Ricevere una multa per eccesso di velocità è un’esperienza comune, ma non sempre il verbale è legittimo. Un aspetto fondamentale, spesso trascurato, riguarda la conformità dell’apparecchio utilizzato per la rilevazione: l’autovelox. Secondo un principio giuridico consolidato, le sanzioni emesse da dispositivi non regolarmente omologati possono essere annullate. Questo non è un cavillo legale, ma una garanzia fondamentale per i cittadini, che hanno il diritto di essere sanzionati solo sulla base di accertamenti precisi e affidabili.
La differenza cruciale tra omologazione e approvazione
Per comprendere perché molte multe vengono annullate, è essenziale chiarire la distinzione tra due procedure amministrative che possono sembrare simili ma hanno un valore legale molto diverso: l’omologazione e la semplice approvazione ministeriale.
L’approvazione è un procedimento più snello con cui il Ministero competente autorizza l’uso di un modello di autovelox dopo aver verificato che rispetti determinate caratteristiche tecniche e normative. Si tratta di un controllo di conformità di base.
L’omologazione, invece, è una procedura molto più rigorosa e approfondita. Non si limita a un controllo documentale, ma prevede test e prove pratiche su un prototipo del dispositivo. L’obiettivo è accertarne non solo la conformità alle norme, ma anche e soprattutto l’efficacia, la precisione e l’affidabilità nel tempo. Solo al termine di questi controlli severi, che possono coinvolgere anche il parere di organi tecnici superiori, il prototipo viene omologato. Questa certificazione garantisce che l’apparecchio sia idoneo a fungere da fonte di prova per l’accertamento automatico delle infrazioni.
Perché l’omologazione è indispensabile per la validità della multa
Il Codice della Strada è molto chiaro su questo punto. L’articolo 142, comma 6, stabilisce che per l’accertamento dei limiti di velocità, le risultanze di “apparecchiature debitamente omologate” sono considerate fonti di prova. La legge, quindi, non parla di apparecchiature genericamente “approvate”, ma richiede specificamente il livello di garanzia superiore offerto dall’omologazione.
Questa distinzione è la chiave di volta di molti ricorsi accolti. Un dispositivo solo approvato non fornisce le stesse garanzie di affidabilità di uno omologato.
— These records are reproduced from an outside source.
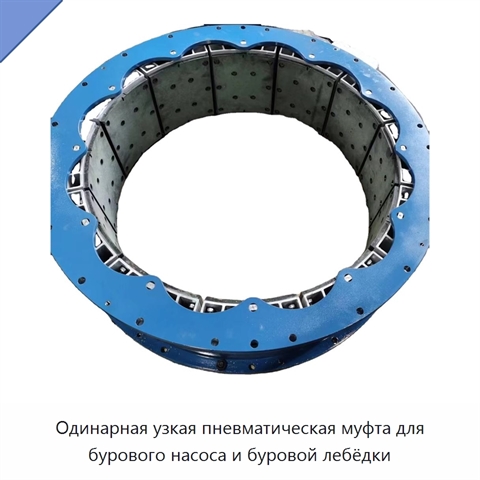 Одинарная узкая пневматическая муфта для бурового насоса и буровой лебёдки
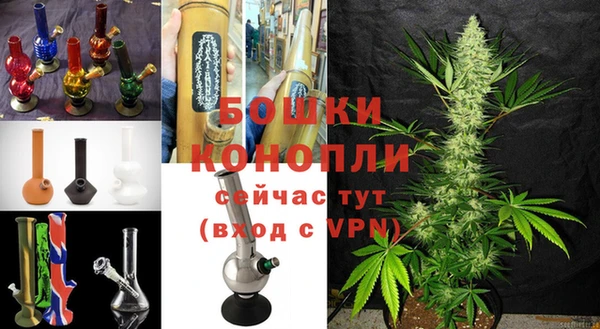 альфа пвп Касимов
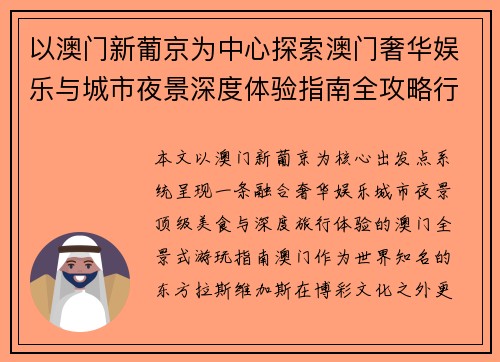 以澳门新葡京为中心探索澳门奢华娱乐与城市夜景深度体验指南全攻略行程推荐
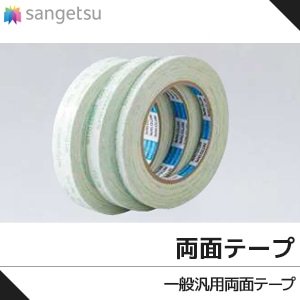 サンゲツ 両面テープ 【BB-301,302,303】 8mm,13mm,20mm巾の3タイプ (共通：0.15mm厚/20m)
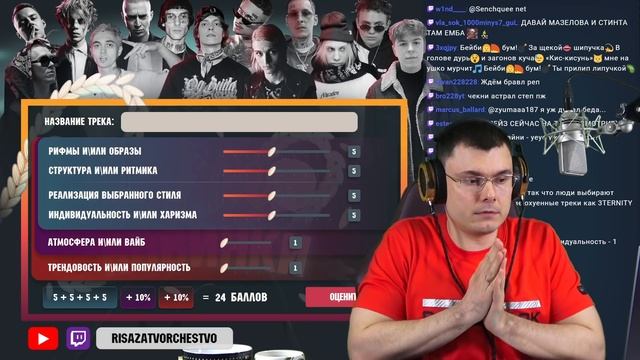 shadowraze, LXNER, quiizzzmeow - adaptive strike | Реакция и разбор смотреть онлайн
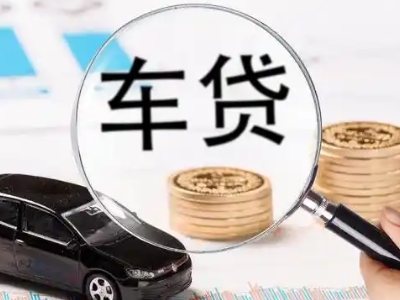 蒙自车辆抵押贷款什么情况会被认定为是违规?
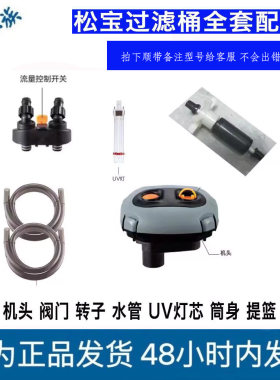 松宝SF过滤桶原厂配件机头转子进出水管杀菌灯滤芯过滤棉净水器材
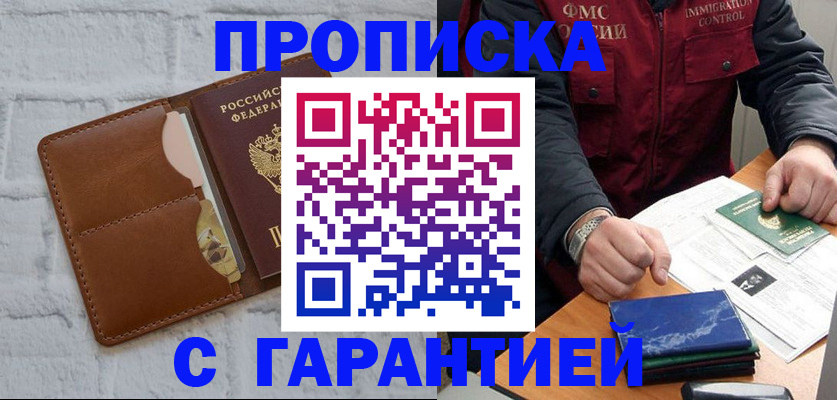 форма 3 в Барабинске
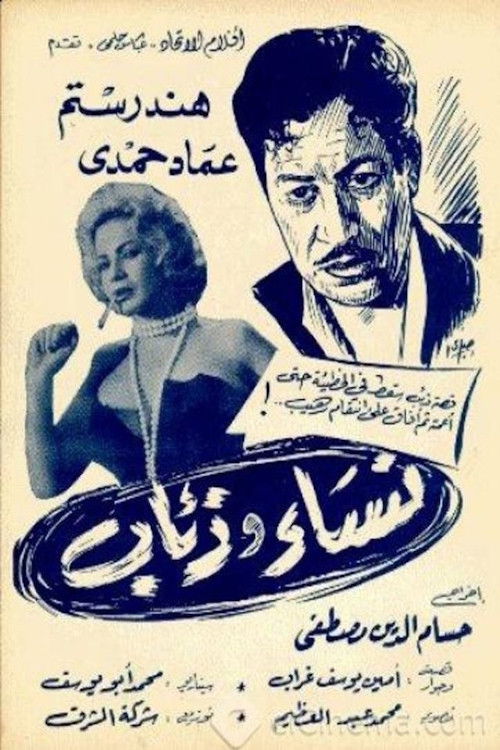 نساء وذئاب (1966) poster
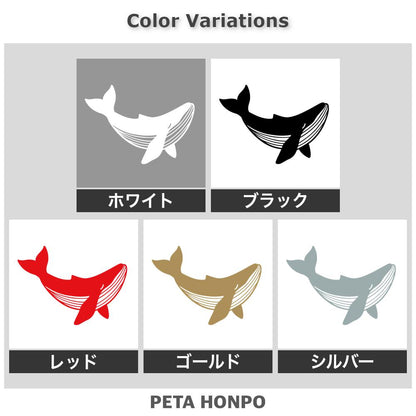 クジラ (C) 2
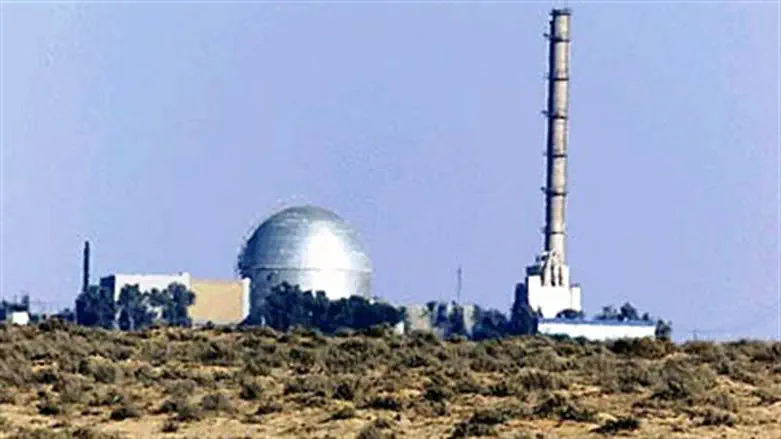 מצבור נשק חריג התגלה ליד הכור בדימונה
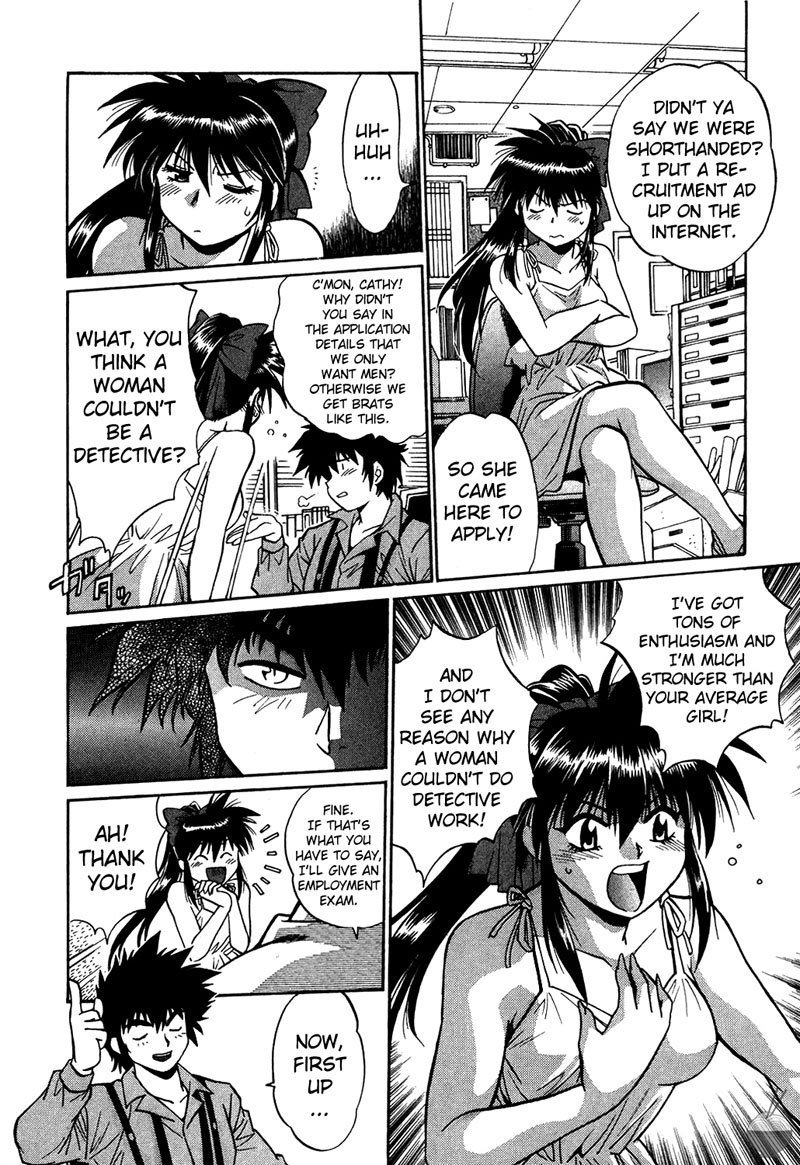 幕の内デラックスCh1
Poiché la multa viene emessa in modo automatico, senza la presenza e la contestazione immediata da parte di un agente, è indispensabile che lo strumento utilizzato sia stato verificato secondo i più alti standard di precisione. In assenza del certificato di omologazione, la prova della violazione viene meno, rendendo il verbale nullo per carenza di prova.
Cosa fare se si riceve una multa da un autovelox non omologato
Se si riceve un verbale per eccesso di velocità e si sospetta un’irregolarità legata all’apparecchio, è possibile agire per tutelare i propri diritti. Ecco i passaggi da seguire:
- Analizzare il verbale: Il primo passo è leggere attentamente la multa. Il documento deve riportare il modello dell’autovelox utilizzato e gli estremi del decreto di omologazione. La mancanza di queste informazioni è già un primo campanello d’allarme.
- Richiedere l’accesso agli atti: Il cittadino ha il diritto di chiedere all’ente che ha emesso la multa (Comune, Polizia Stradale, ecc.) di visionare tutta la documentazione relativa all’autovelox. L’atto più importante da richiedere è il certificato di omologazione. Spesso, le amministrazioni forniscono solo il certificato di approvazione, che, come visto, non è sufficiente.
- Verificare le verifiche periodiche: Oltre all’omologazione iniziale, gli autovelox devono essere sottoposti a tarature e verifiche di funzionalità periodiche, almeno una volta all’anno. È diritto del cittadino verificare anche la presenza di questi certificati.
- Presentare ricorso: Se dalla documentazione emerge che l’apparecchio è solo approvato o che mancano le verifiche periodiche, ci sono ottime probabilità di ottenere l’annullamento della multa. Il ricorso può essere presentato entro 30 giorni dalla notifica al Giudice di Pace oppure entro 60 giorni al Prefetto.
Contestare una multa basata su un autovelox non conforme non significa cercare una scappatoia, ma far valere un proprio diritto a un accertamento corretto e trasparente. La precisione degli strumenti di rilevazione è una garanzia per tutti gli utenti della strada.